The ToL dispenses with the formal division between the three pillars of the European Union and, at least on paper, creates a unified set of objectives and decision-making procedures for all EU external policies. Article 205 (ToL) (Part Five, External Action) brings EU trade and investment policy into this unified European external action, so that trade policy is henceforth to be conducted within the “context of the framework of principles and objectives of the EU’s external action” (Article 207(1)). These include general aims such as support for democracy, rule of law and human rights as well as the slightly more specific aims of sustainable economic, social and environmental development, the integration of all countries into the world economy (including through the progressive abolition of restrictions on international trade), the progressive improvement of the environment and sustainable management of global resources and good global governance (Chapter 1 of Title V of the Treaty on European Union). To date EU external trade policy has, of course, served broad foreign policy or strategic objectives, such as through the negotiation of Association Agreements with the EU’s near neighbours in order to promote economic and thus political stability within the wider European security area. The EU has also made use of trade agreements to strengthen relations with specific countries or regions. But trade has been used less in the pursuit of specific short-term foreign policy objectives. The question is whether the ToL will mean trade becomes more of an instrument of EU foreign policy. The inclusion of trade and investment with other policies also raises issues concerning the coherence of EU policies; for example, will there be more pressure for trade to serve development or environmental policy objectives?6

Some Immediate Issues Concerning Implementation

The core of EU policymaking has been the relationship between the Commission and member states in the Council and Art 133 Committee. This has become well established over the past half century with all parties involved sharing expectations and common understandings of how decisions are made and negotiations conducted. These well established practices and norms are not likely to change overnight and it must be expected that they will change only progressively. However, there are a number of important issues concerning implementation that will have a bearing on the impact of the treaty changes. These concern the treatment of investment, who controls the Commission’s application of commercial instruments (i.e. anti-dumping), the EP’s ability to shape EU negotiating aims and where in the EU institutions the institutional memory and trade expertise will reside.

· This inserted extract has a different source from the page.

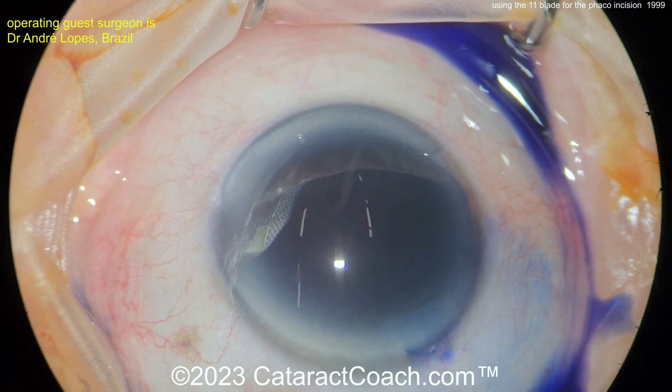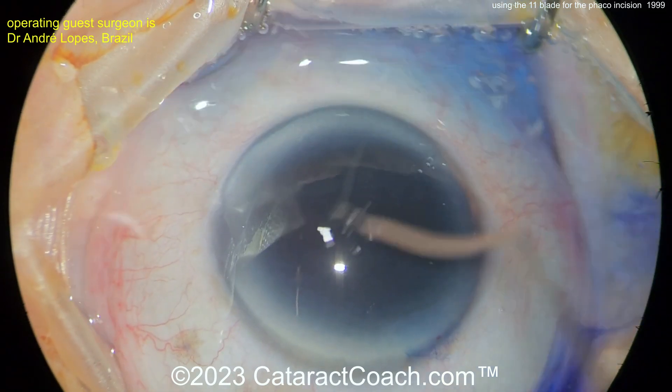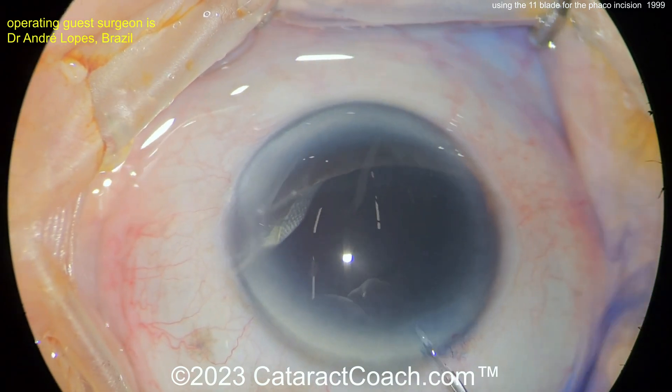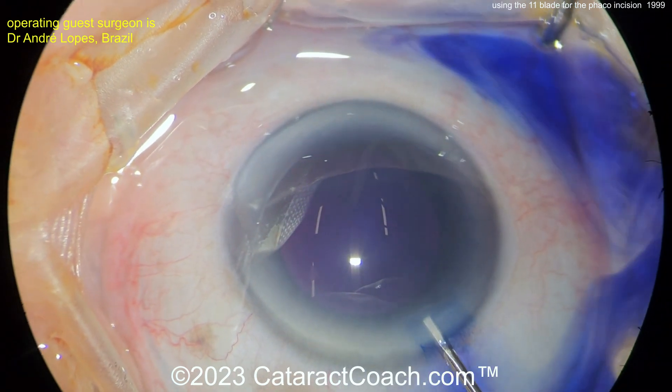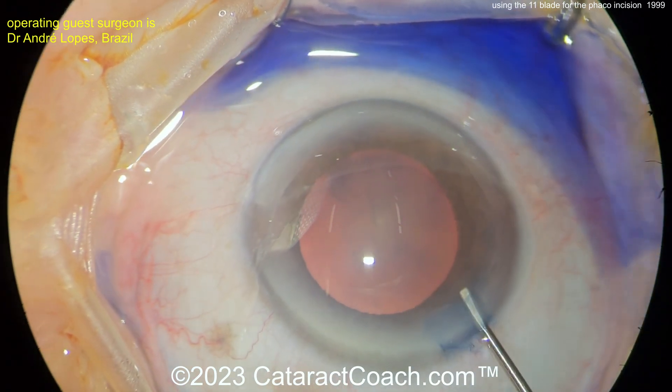If you're not careful, you can inadvertently nick or damage the anterior lens capsule or damage the iris. So if you're an experienced surgeon, you can certainly do this technique. Keep in mind that there are differences in the way people practice — sometimes you'll be in a facility where you don't have access to the most expensive equipment or very expensive keratomes.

Investment: Grandfathering Existing BITs and Developing an EU policy

Art 207 TFEU simply includes FDI in EU exclusive competence. In trade and investment agreements one can make a distinction between liberalisation, such as binding commitments to pre-establishment national treatment, and investment protection, such as for funds transfers or in the case of expropriation. If exclusive competence covers investment protection and liberalisation, then most existing member state BITs have been illegal under EU law since the entry into force of the ToL on 1 December 2009. Although some may argue that only investment liberalisation is covered, a more realistic interpretation is that both liberalisation and protection are covered. Given the danger of litigation challenging the legality of member state BITs, EU legislation, using the Ordinary Legislative Procedure, is likely to be necessary to “grandfather” existing member state BITs.

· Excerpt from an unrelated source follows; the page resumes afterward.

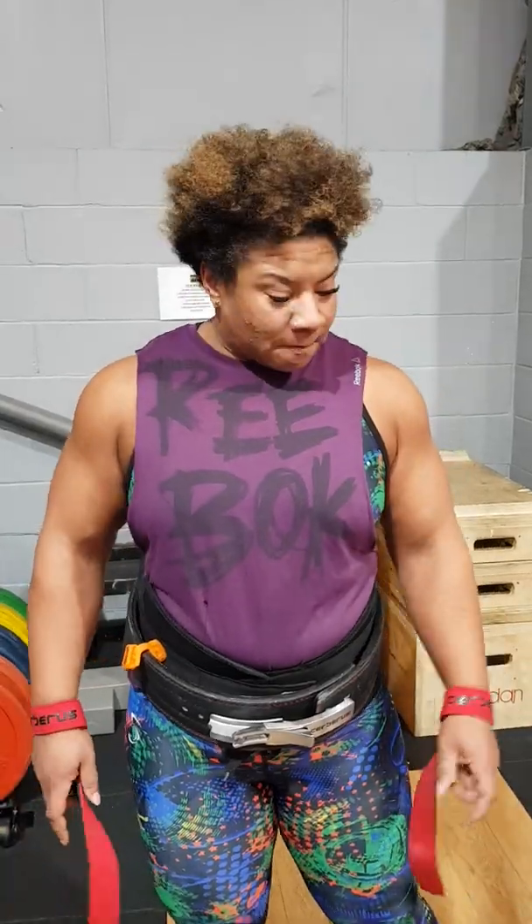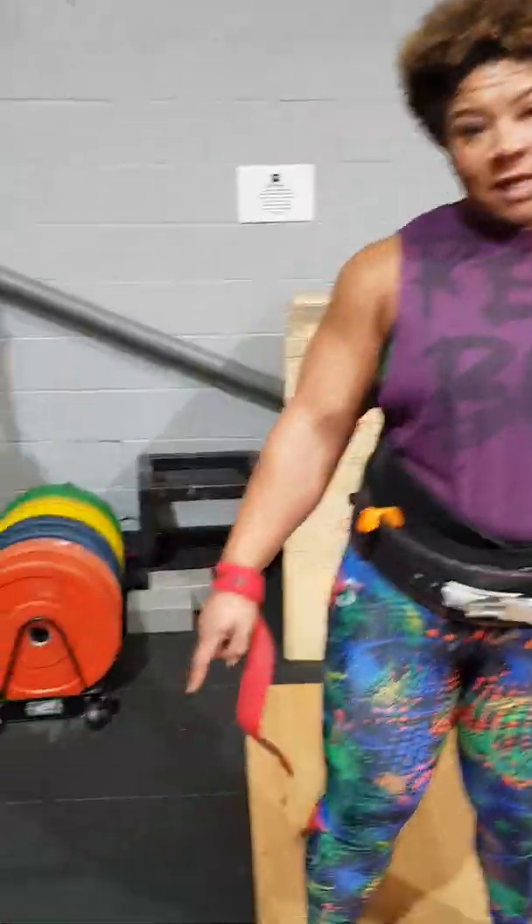I'm Andrea Thompson and I'm going to be going for a 272 deadlift. First of all, 20kg bar.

In the medium term the EU will also need to develop an EU model investment agreement to be applied in any future EU BITs or investment chapters in free trade agreements.7 The EU has been developing a common platform on investment for some time and has concluded a number of FTAs with investment chapters. But a comprehensive EU will require more and in particular a balance between investment protection to match the existing member state BITs and enough scope for an EU right to regulate in policies such as the environment. This will not be an easy balance to find, especially given the history of opposition to some aspects of investment rules in the EU.8 A common EU policy on investment is therefore likely to take some time, but if the EU wishes to shape international investment rules it will want to include comprehensive rules in some of the agreements currently being negotiated, such as the EU-Canada FTA negotiations and perhaps even the EU-ASEAN or India negotiations.

Implementation of Commercial Instruments: Revision of Anti-dumping Legislation

Under the ToL the EP will share powers with the Council on trade legislation, but Article 291 (2) grants the Commission implementing powers for legally binding acts. In the most sensitive area of anti-dumping the Commission is currently responsible for determining the dumping margin, injury as well as the so-called Community interest, and can impose preliminary anti-dumping duties. But the Council (in the shape of the Anti-dumping Committee) votes on the adoption of definitive dumping duties by a majority of member states voting. Anti-dumping is thus one of the very few areas where voting rather than consensus is used on trade issues. Such implementation by a member state vote appears to run counter to the spirit, if not the letter, of the ToL that seeks to establish a standard approach to implementation. This is an area of contention between the Council and the European Parliament. Article 219 (3) states that the EP and Council shall lay down how the member states control the Commission when it exercises its implementing powers, so the question is whether the member states will give up some power and whether the EP gains some say in how the anti-dumping and other commercial instruments are implemented. This issue must be addressed at the latest when the existing anti-dumping regulation comes up for revision. The EP is therefore pressing for a timetable for revised legislation because it wishes to exercise its joint powers. The Council can be expected to be in less of a hurry.

An EP Say in Negotiating Objectives: the Revised Inter-institutional Framework Agreement

It was argued above that a key question in how the role of the EP/INTA develops is whether the EP will have any say in shaping negotiating objectives. In its opinion on the EP’s role and responsibilities implementing the ToL, the EP’s International Trade Committee (INTA) argued for a means of establishing preconditions for the granting of the EP’s consent through a revision of the Framework Agreement between the Parliament and the Commission.9 Article 19 of the 2004 Framework Agreement provided for the Commission to inform the EP (principally the INTA) during all stages of negotiation including the preparation and negotiation of agreements. The framework agreement set out the aim of ensuring that the EP could make its views known in good time. In return the EP undertook to ensure confidentiality of information so as not to advertise the EU’s negotiating positions to its negotiating partners. When a new framework agreement is negotiated, the EP is therefore likely to press for equivalent if not stronger wording that will allow it to have some influence on negotiating objectives. If it succeeds in this the INTA will have something to work on as it seeks to develop a stronger say in EU trade and investment policies.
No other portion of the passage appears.